- Crosby at the excavation of the Dura-Europos synagogue, 1932–33
- Born: August 14, 1901 Minnesota, U.S.
- Died: July 30, 1972 (aged 70) Hanover, New Hampshire, U.S.
- Education: Bryn Mawr College; Yale University
- Occupations: Archaeologist, historian

= Margaret Crosby =

American Classical archaeologist

Margaret Crosby (1901-1972) was an American archaeologist and historian. Crosby graduated from Bryn Mawr College in 1922, and subsequently became involved in archaeology and ancient history, especially epigraphy and metrology, earning her PhD at Yale University. During World War II, Crosby joined the Office of Strategic Services (OSS) and worked as a cryptographer for the OSS' Greek Desk, deciphering reports and materials for the Allied Forces.

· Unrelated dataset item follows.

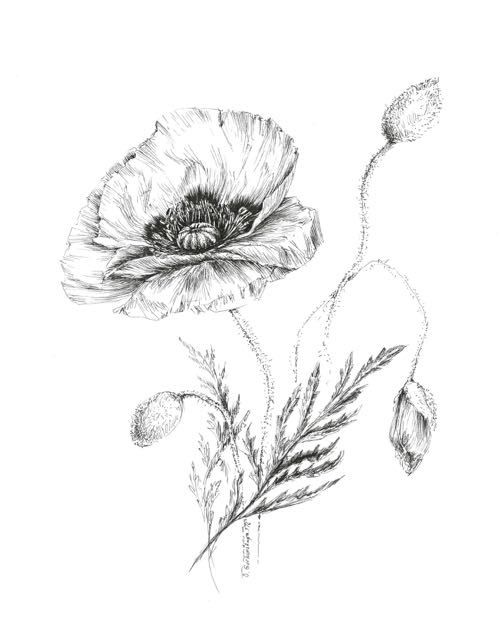 500x640 Poppy Drawing, Botanical Prints, Floral Illustrations, Pen Flower - Botanical Sketches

== Early life and education ==
Margaret Crosby was born in Minnesota on August 14, 1901. Margaret's father John Crosby was a friend of US Secretary of State Henry L. Stimson.

== Archaeological career ==

=== Dura-Europos ===
After graduating Bryn Mawr, Crosby studied in Europe for two years before beginning graduate work at Yale University. Crosby joined the Yale dig at Dura-Europos, and was the first female archaeologist to work at the site. Unlike the male archaeologists at Dura-Europos, Crosby did not receive a salary and had to pay her own travel expenses.

=== Athenian Agora ===
Crosby supervised fieldwork at the Athenian Agora with the American School of Classical Studies at Athens from 1935 to 1939, and was present at every digging season in those years, although digging seasons often lasted as long as five months. Crosby published numerous works on inscriptions and other findings from the Agora.

== WWII and the OSS (1940-1945) ==
Crosby joined the Greek Desk of the Office of Strategic Services (OSS) during the Second World War. The Greek Desk of the OSS had been created by Rodney Young and was staffed by a large number of archaeologists. She primarily worked as a cryptographer, a skill which she developed while deciphering weathered Greek texts. She was a reports officer for the OSS in Cairo from June to November 1944, and accompanied Gerard Else when he led the move from Cairo to Caserta, where they could be better overseen by the Allied Forces Headquarters. She later moved to Athens with the Greek Desk in November 1944 and continued working there until May 1945.

== Return to the Athenian Agora (1946-1955) ==
After leaving the OSS at the end of the war, Crosby returned to supervise fieldwork at the Athenian Agora from 1946 to 1955, retiring in 1962.

== Later life ==
Crosby retired in 1962 and lived in Barnard, Vermont with her life partner, the child psychologist Ruth Wendell Washburn. She died on July 30, 1972, in a nursing home in Hanover, New Hampshire.